**Exercise prompt:** The lines below, from the one holding "3d rendering of" through the one holding "Loan Of Equipment", are to be restated word for word, with all images left out.

**Entries shown:**
---*---
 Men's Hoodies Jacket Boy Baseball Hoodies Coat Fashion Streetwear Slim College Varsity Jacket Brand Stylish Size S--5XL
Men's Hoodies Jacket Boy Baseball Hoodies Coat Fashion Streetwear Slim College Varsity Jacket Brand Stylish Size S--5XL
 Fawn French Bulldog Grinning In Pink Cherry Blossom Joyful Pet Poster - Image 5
---*---
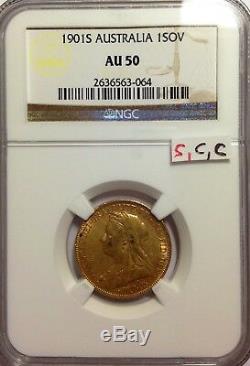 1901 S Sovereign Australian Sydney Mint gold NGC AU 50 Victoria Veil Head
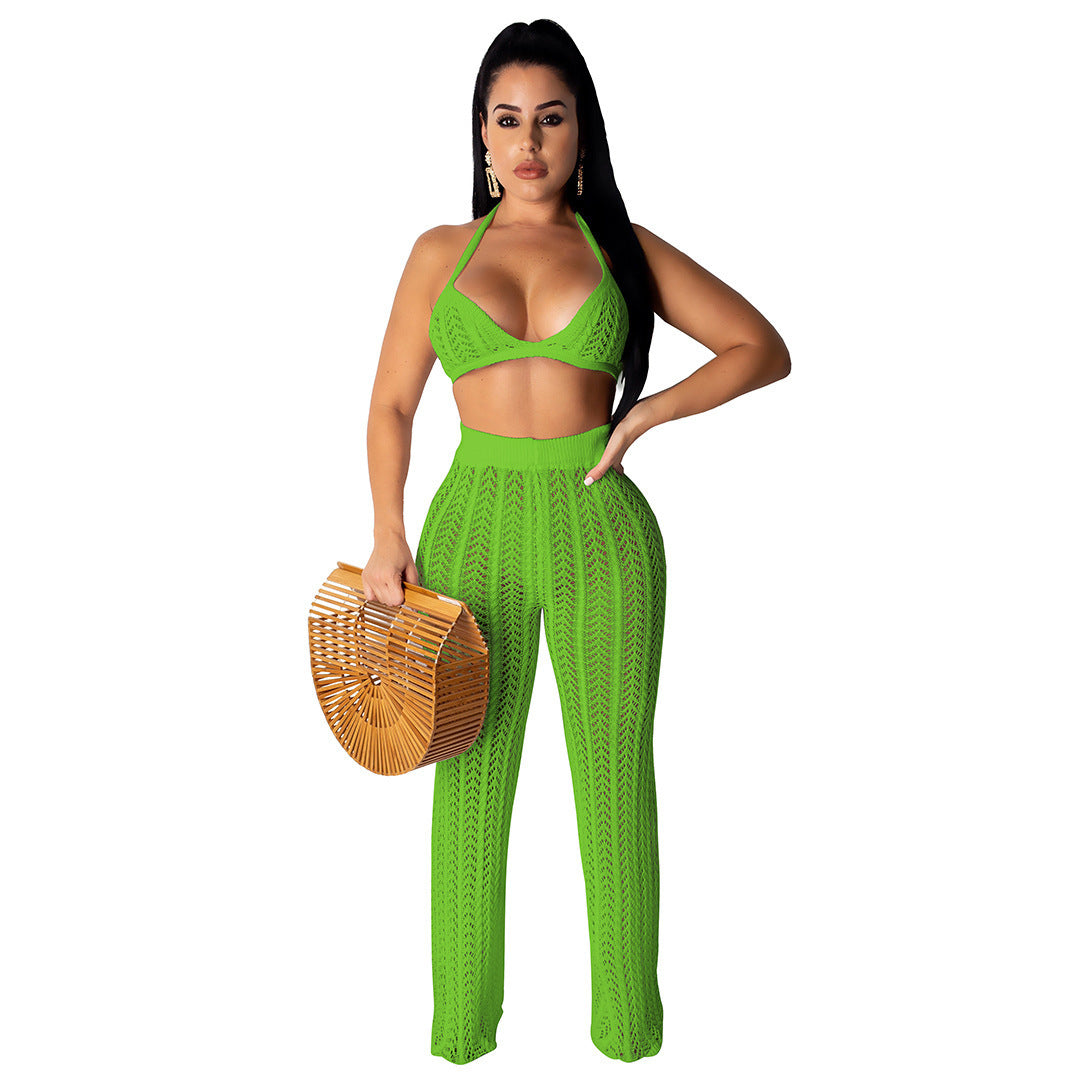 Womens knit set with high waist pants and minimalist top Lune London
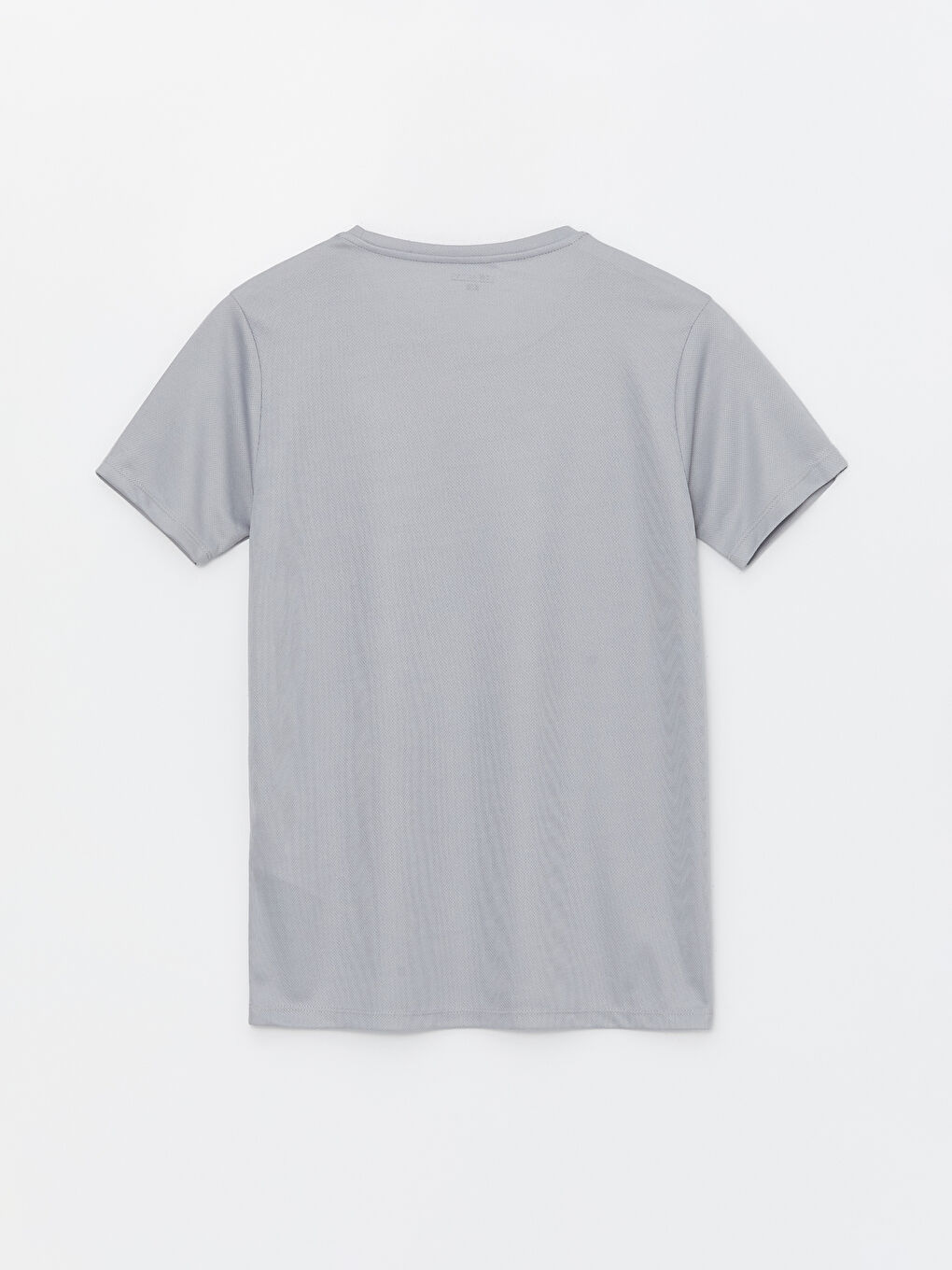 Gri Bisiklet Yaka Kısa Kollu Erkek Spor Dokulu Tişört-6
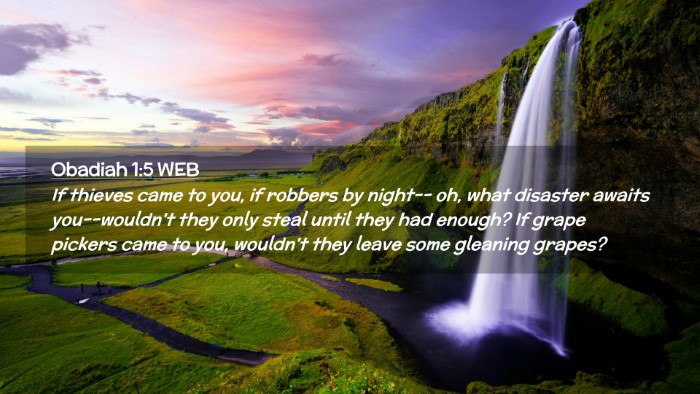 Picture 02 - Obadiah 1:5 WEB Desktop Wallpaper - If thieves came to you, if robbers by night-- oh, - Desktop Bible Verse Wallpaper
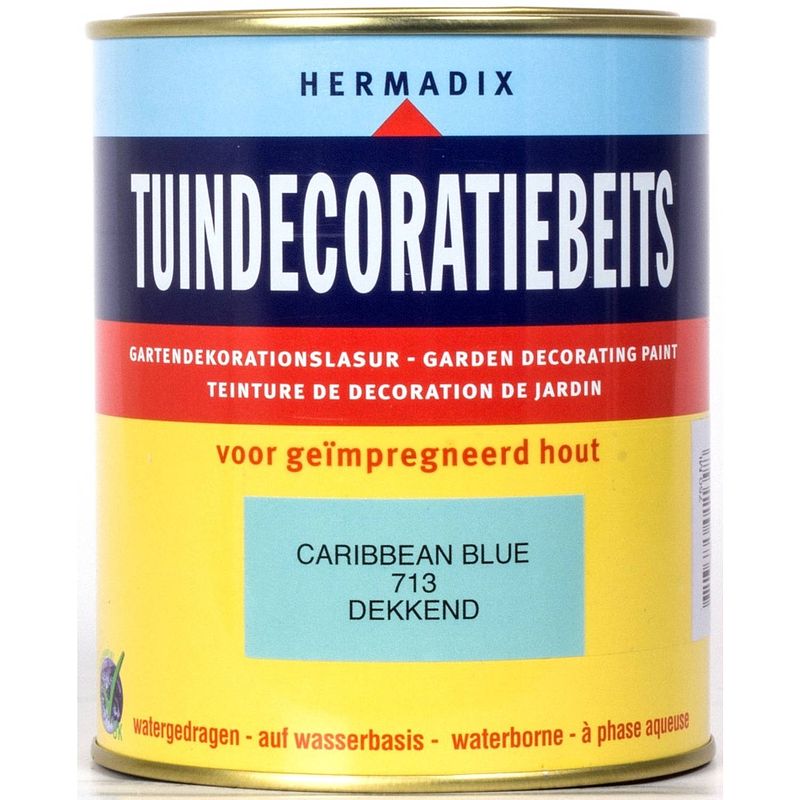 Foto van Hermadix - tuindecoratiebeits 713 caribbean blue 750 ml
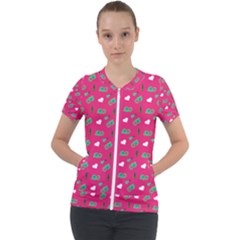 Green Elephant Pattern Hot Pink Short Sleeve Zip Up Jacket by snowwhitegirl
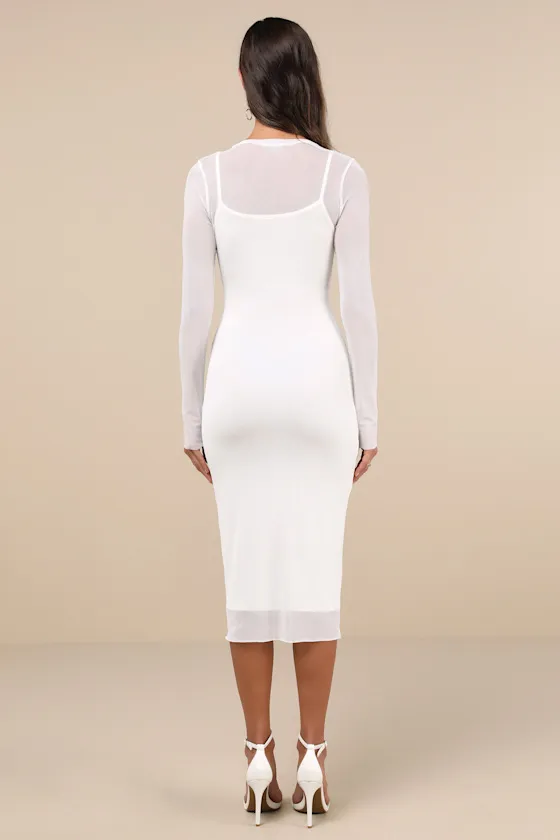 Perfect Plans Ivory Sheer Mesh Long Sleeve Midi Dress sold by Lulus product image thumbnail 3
---*---
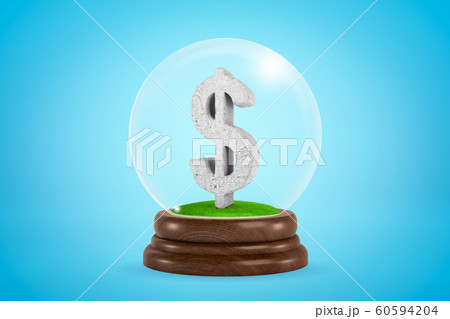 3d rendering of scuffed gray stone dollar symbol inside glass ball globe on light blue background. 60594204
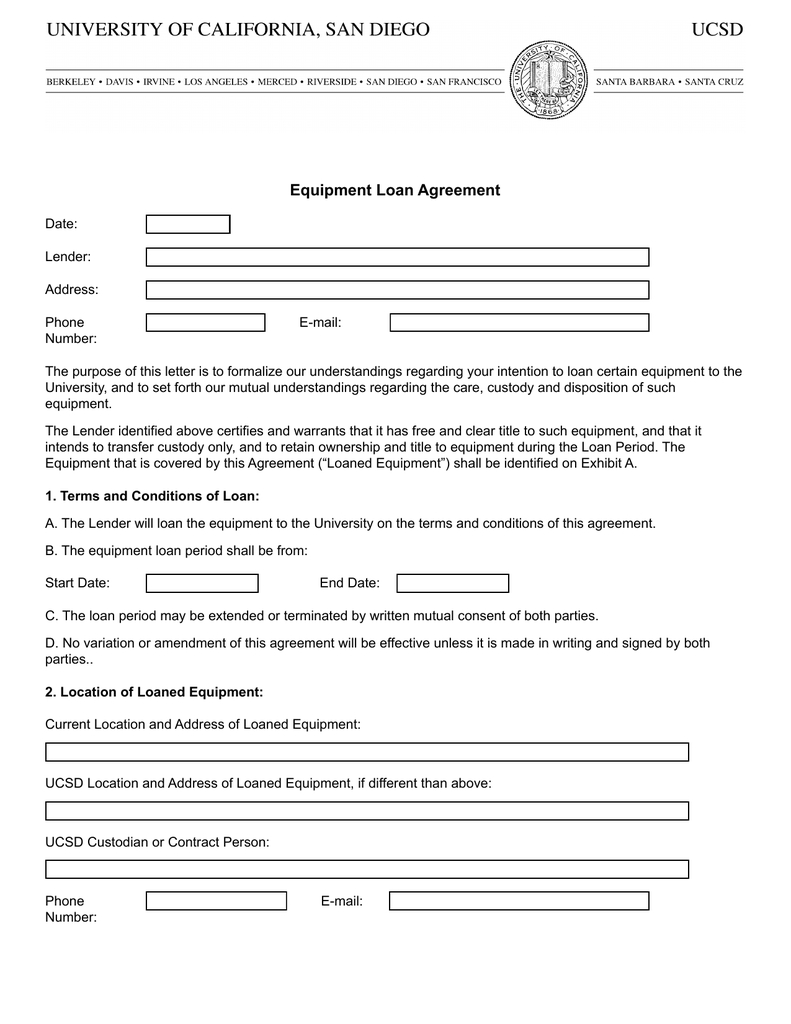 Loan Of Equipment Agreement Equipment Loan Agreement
---*---
**Output for this task:**
 3d rendering of scuffed gray stone dollar symbol inside glass ball globe on light blue background. 60594204
 Loan Of Equipment Agreement Equipment Loan Agreement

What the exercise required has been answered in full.